TITLE:
Cervicofacial Cellulitis of Dental Origin: A Case Report of Serous Cellulitis
AUTHORS:
Nadia El Haiba, Houda Hdidi, Oumaima Fahim, Youssef Naji
KEYWORDS:
Cervicofacial Cellulitis, Odontogenic Infection, Antibiotic Therapy, Corticosteroids, Dental Emergency
JOURNAL NAME:
Journal of Biosciences and Medicines,
Vol.14 No.5,
May
7,
2026
ABSTRACT: Odontogenic cellulitis is a potentially life-threatening infection of the cervicofacial spaces when diagnosis is delayed or management is inappropriate. We report the case of a 36-year-old woman with no significant medical history, presenting as an emergency with serous cellulitis of the left buccal space secondary to pulp necrosis of tooth 24. The patient was afebrile at presentation (temperature 36.8˚C), with no systemic signs of severity, preserved upper airway patency, and adequate oral hydration, supporting outpatient management.
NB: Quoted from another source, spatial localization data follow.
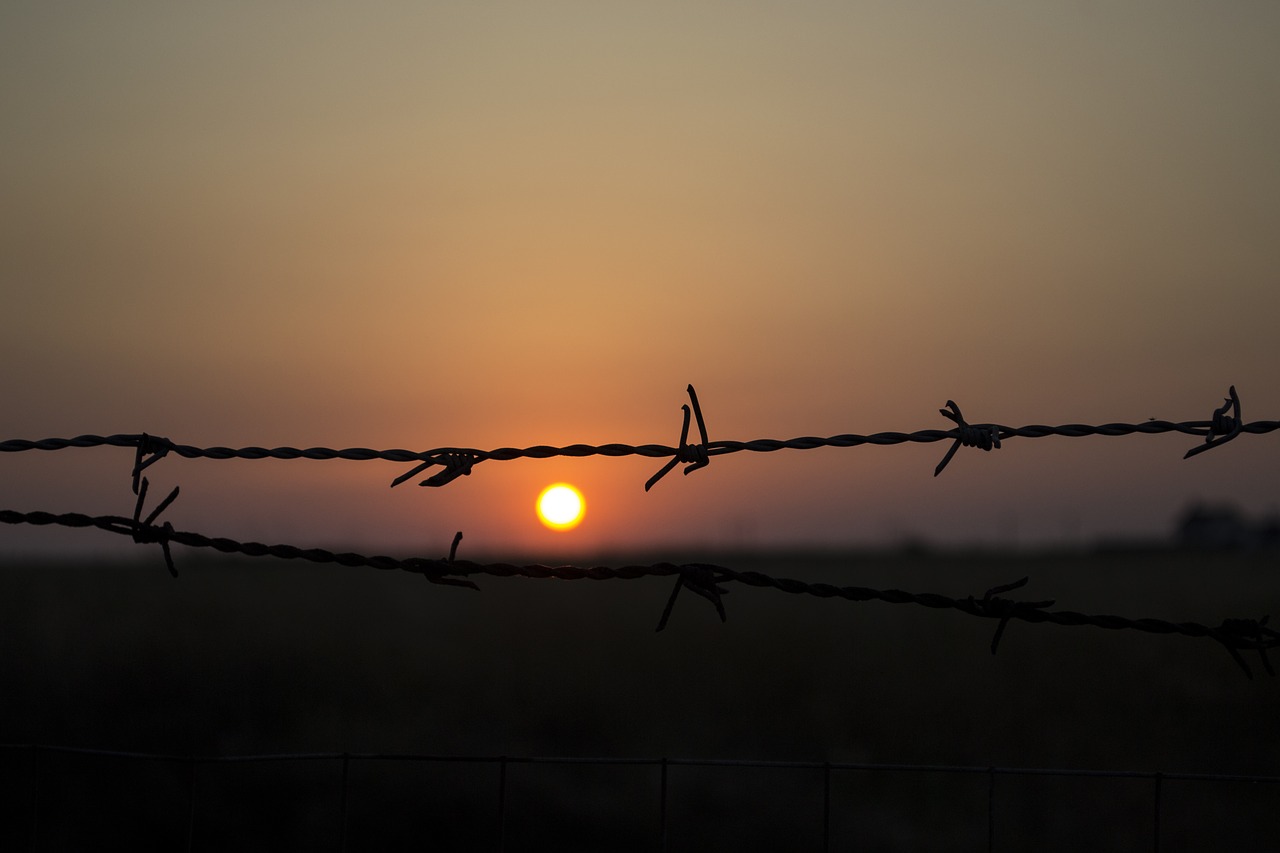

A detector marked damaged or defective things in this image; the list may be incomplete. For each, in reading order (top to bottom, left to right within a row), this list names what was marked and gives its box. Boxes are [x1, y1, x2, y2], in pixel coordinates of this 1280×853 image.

rusty wire [0, 384, 1269, 489]
rusty wire [2, 491, 1280, 676] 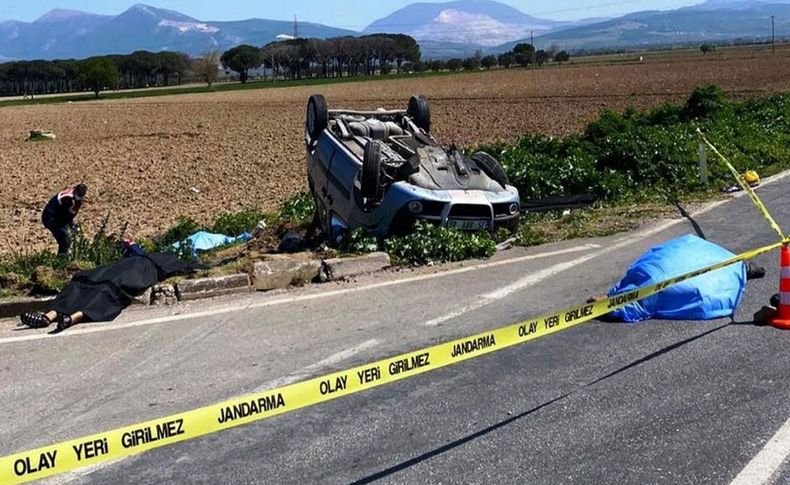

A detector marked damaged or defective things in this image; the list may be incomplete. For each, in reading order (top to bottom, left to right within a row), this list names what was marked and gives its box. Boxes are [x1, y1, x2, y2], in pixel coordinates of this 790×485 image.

overturned vehicle [304, 93, 520, 244] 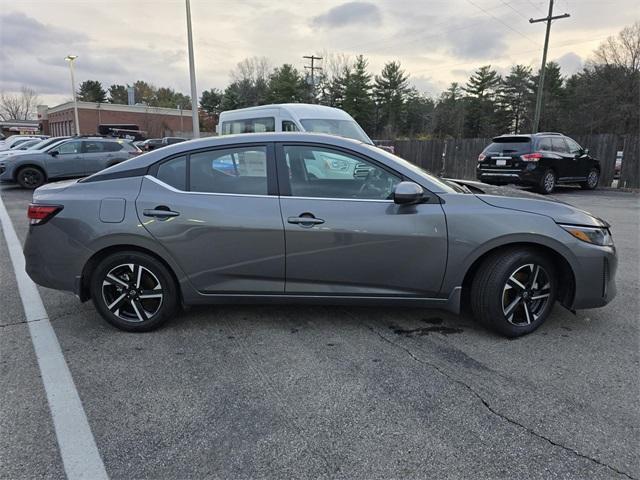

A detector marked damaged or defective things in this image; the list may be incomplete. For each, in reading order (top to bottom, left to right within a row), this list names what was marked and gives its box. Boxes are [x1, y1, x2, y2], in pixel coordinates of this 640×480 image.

cracked pavement [0, 185, 636, 480] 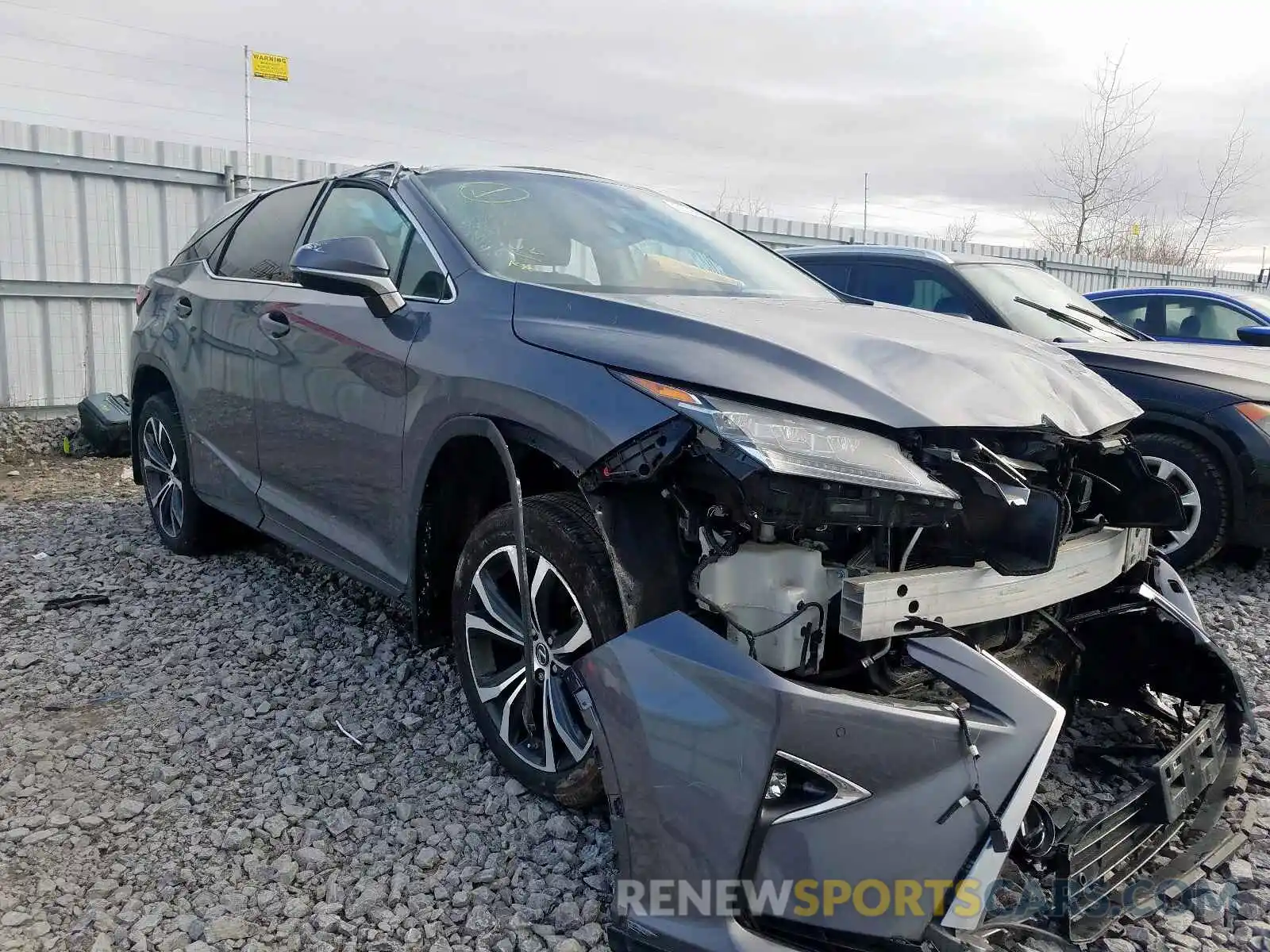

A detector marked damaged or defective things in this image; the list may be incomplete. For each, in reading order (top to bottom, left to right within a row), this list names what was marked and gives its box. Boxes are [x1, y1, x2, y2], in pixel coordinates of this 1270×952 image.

crumpled hood [514, 281, 1143, 435]
crumpled hood [1054, 340, 1270, 403]
crushed front bumper [572, 568, 1245, 946]
detached bumper piece [1054, 701, 1238, 939] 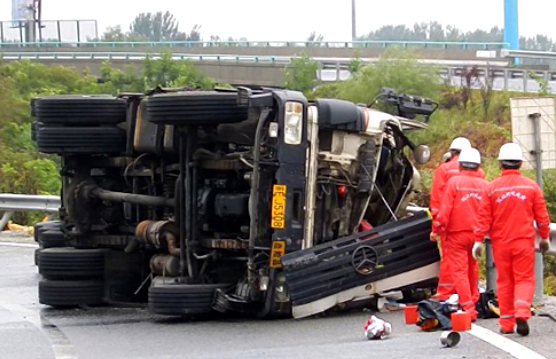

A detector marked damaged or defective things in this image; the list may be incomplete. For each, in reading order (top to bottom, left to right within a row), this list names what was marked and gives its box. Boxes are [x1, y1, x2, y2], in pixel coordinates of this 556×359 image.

overturned truck [32, 86, 440, 318] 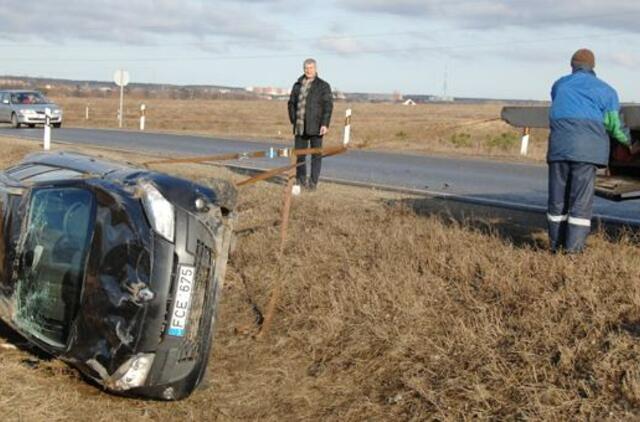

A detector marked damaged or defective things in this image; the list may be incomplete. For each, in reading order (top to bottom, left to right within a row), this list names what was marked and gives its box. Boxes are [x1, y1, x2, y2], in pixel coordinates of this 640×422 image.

broken windshield [15, 187, 95, 346]
crashed vehicle [0, 151, 236, 398]
overturned black car [0, 151, 236, 398] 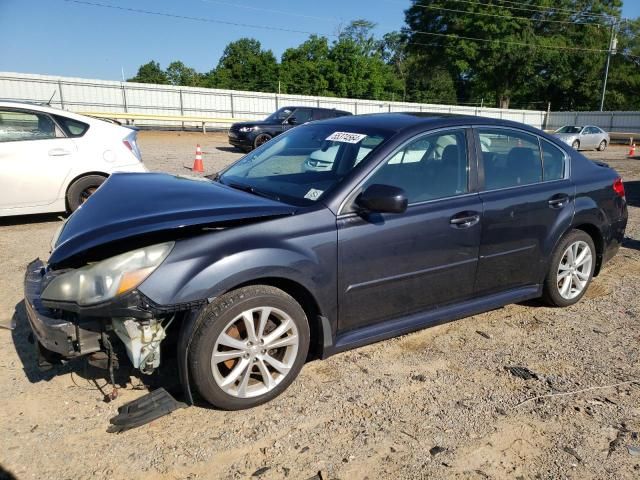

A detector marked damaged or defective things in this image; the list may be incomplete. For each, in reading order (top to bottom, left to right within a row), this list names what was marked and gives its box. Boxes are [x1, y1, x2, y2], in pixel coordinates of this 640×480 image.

crumpled front bumper [23, 258, 102, 356]
exposed wheel well [64, 172, 109, 210]
cracked hood [50, 172, 298, 266]
exposed wheel well [230, 278, 328, 360]
damaged dark blue sedan [22, 112, 628, 408]
exposed wheel well [572, 223, 604, 276] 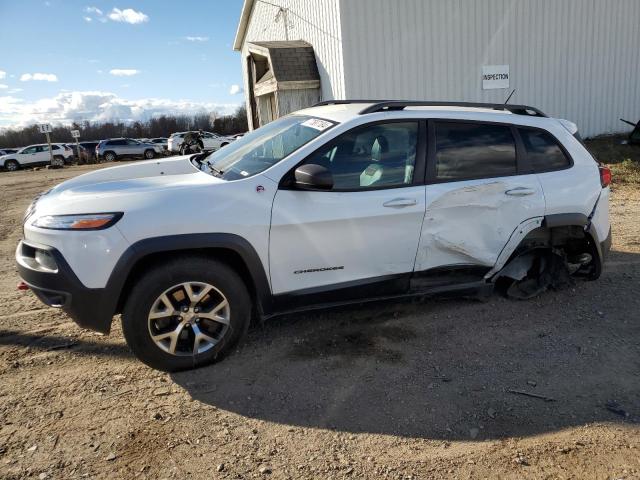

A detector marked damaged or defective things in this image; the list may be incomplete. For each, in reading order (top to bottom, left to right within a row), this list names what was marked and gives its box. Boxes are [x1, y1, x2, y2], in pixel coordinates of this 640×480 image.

damaged rear quarter panel [416, 177, 544, 274]
exposed rear wheel well [115, 249, 258, 316] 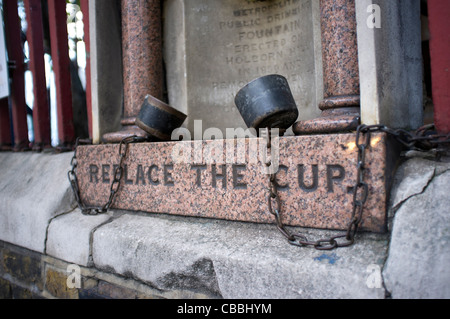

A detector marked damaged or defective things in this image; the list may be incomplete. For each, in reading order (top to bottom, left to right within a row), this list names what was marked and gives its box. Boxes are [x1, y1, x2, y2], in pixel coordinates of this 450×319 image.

rusted metal cup [136, 94, 187, 141]
rusted metal cup [236, 74, 298, 131]
rusty chain link [67, 136, 147, 216]
rust stain on stone [75, 134, 392, 234]
rusty chain link [266, 124, 448, 251]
Clinical management combined probabilistic antibiotic therapy (oral amoxicillin-clavulanate 1 g/125 mg every eight hours [total daily dose 3 g/375 mg] and metronidazole 500 mg every eight hours), a short course of adjuvant corticosteroid therapy (oral prednisone 1 mg/kg/day for 48 hours then tapered over five days) aimed at reducing inflammatory oedema and improving trismus, and extraction of the causative tooth under antibiotic cover at 48 hours. Complete clinical resolution was achieved within ten days. This case illustrates the importance of a combined therapeutic strategy, initiated without delay, integrating etiological surgical treatment, control of the inflammatory response, and rigorous clinical monitoring.